Sorular, sorular, sorular… burada bırakıp Kamu Varlık Fonu ve Fon’a devredilen şirketler ile ilgi ne düşündüğümüz kısaca anlatalım. Bu aslında bir finansman modeli. Teorik olarak başarılı olabilir. Ancak Türkiye’nin özelinde modelin başarı şansını düşük görüyoruz.
Fon bünyesindeki şirketlerin ve diğer varlıkların “menkul kıymetleştirilmesi” sonucu, borçlanarak elde edilen kaynaklar ile 3. Hava Limanı, nükleer santral, Kanal İstanbul gibi projeler finanse edilmek isteniyor. Ancak bu projelerin geri dönüşleri ve borç ödemek için nakit yaratmaları uzun vadeli olacağı için daha fazla kamu kaynağı fon bünyesine aktarılmak zorunda kalacak ve finansmanın kamuya olan maliyeti beklenenden çok daha fazla olacaktır. Daha kötüsü, borç sarmalına giren Fon elindeki kamu varlıklarını da heba edip, Türkiye’ye altından zor kalkacağı bir yük de yükleyebilir.
Yine, yetkililere göre tabii, Fon’un amaçlarından biri de kamu şirketlerini verimlilik, profesyonellik, şeffaflık gibi ilkeler doğrultusunda etkili bir şekilde yönetmek. Bizce bu model ile amaçlananın tam tersi sonuçlar elde etmek daha yüksek olasılık. Kamu şirketlerinin “iyi yönetilmesi” hepsini bir araya toplayarak olmaz. Tam tersine, stratejik konumda olan her birini ayrı ayrı ele alarak, her birine eğitimli ve deneyimli yöneticiler atayarak ve sıkı bir şekilde denetleyerek olabilir. Stratejik olmayanların da bir an önce uygun fiyatlarla özelleştirilerek iyi yönetilmesi sağlanabilir.
Bu model ile yetkililerce söylenenin aksine, zarar eden kamu mülkiyetli şirketlerin bu zararlarının karlı olanlar ile kapatılması amaçlanıyor olabilir. Örneğin zarar da olan Türk Hava Yollarının zararının, kar üreten bir şirket olan Ziraat Bankası’nın karı ile karşılanması gibi. Bunun olup olmayacağını ileride hep beraber göreceğiz.

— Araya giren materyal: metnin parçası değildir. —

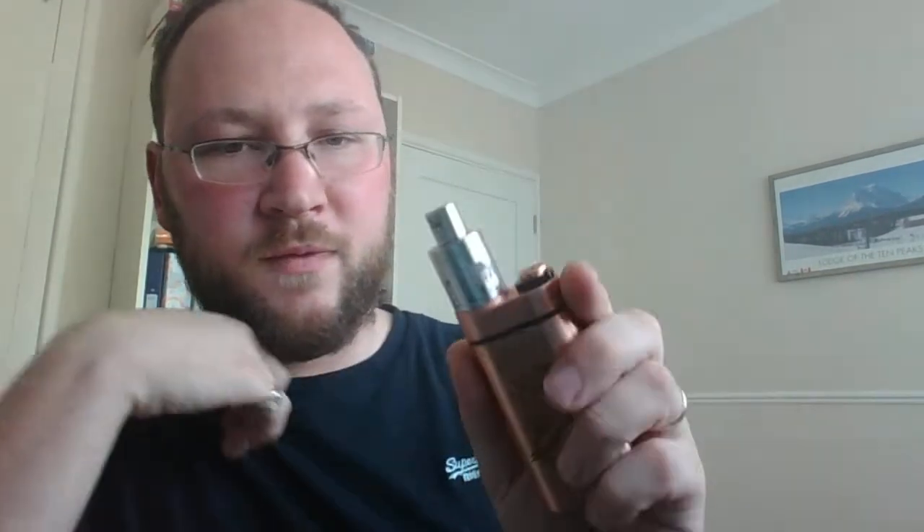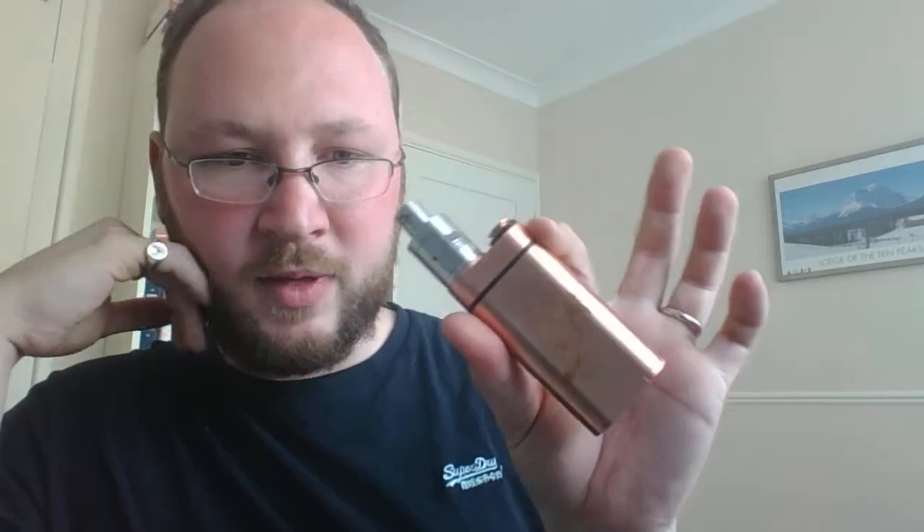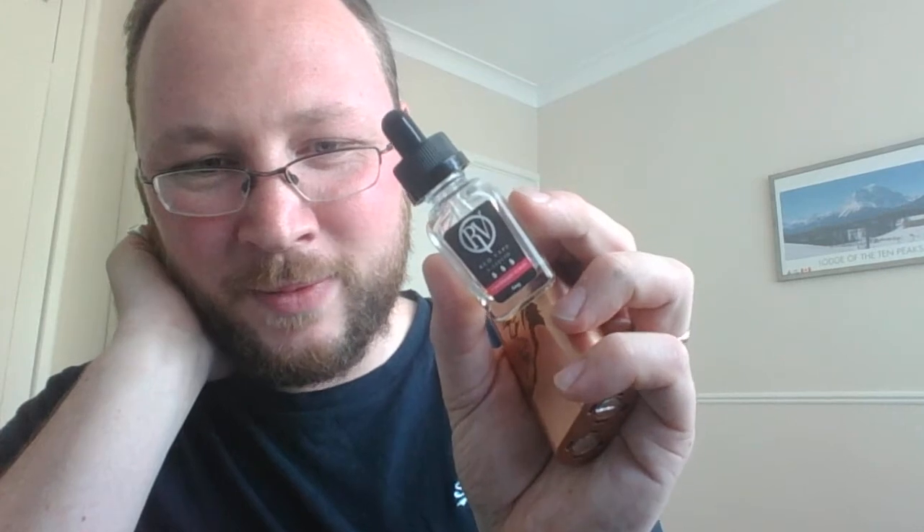Final installment for today, part three. I've gone back to this setup and thought we'd match a clone with a clone. I've got a V2 Tugboat clone RDA on top of the Abaddon, and I'm dripping again — back to Red Vape, don't want you to think I've forgotten about you. This setup is working brilliantly.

Varlık Fonu kararını veren irade elbette iyi niyet ile kamu faydası yaratacak amaçlar için bu kararı vermiş olabilir. Ancak bizce bu kararların Türkiye şartlarında uygulanmasında büyük riskler bulunuyor. Günün sonunda elimizde amaçlananın tam aksi sonuçları bulmak da mümkün.